Organizing oSC13 - 68 days before


Cron Job in Google Blogger failed to publish the post I wrote yesterday morning in yesterday afternoon, so many of you saw it comming out some hours ago. I hope I did not confused anyone with that and I will take advantage of this 'failure' of Google Blogger (or with what I did wrong in there and missed it) and write today about situations like that, that can happen while organizing a conference.
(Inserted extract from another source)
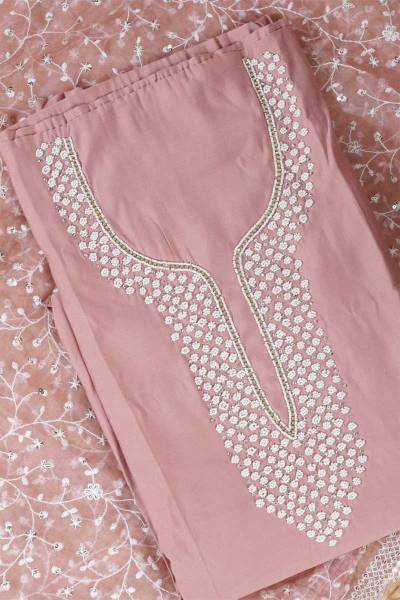 Cotton Embroidered Unstitched Suit in Abdu Rahiman Nagar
So yesterday I wrote about alternatives and the importance of those while working on making a conference come to life. Today I will write some things about things that go wrong and you cannot or at the moment don't have the ability to think or predict. 
I will start with a Murphy's law "Whatever can go wrong, will go wrong" that usually happens through the procedure, no matter how hard you try and how many alternatives you have. Good news is that this can be predicted to some point, the bad thing is that this prediction is not always easy and some times you just have to do a lot of double checking in order not to avoid it but to fix it before someone notices it. The quicker you accept that things can and will go wrong the faster you will be relaxed and concentrated enough to fix it quick(again: before someone notices it :D ). Let's start by how you can predict things from going wrong, although as said before that does not come with a 100% guarantee that won't happen but still...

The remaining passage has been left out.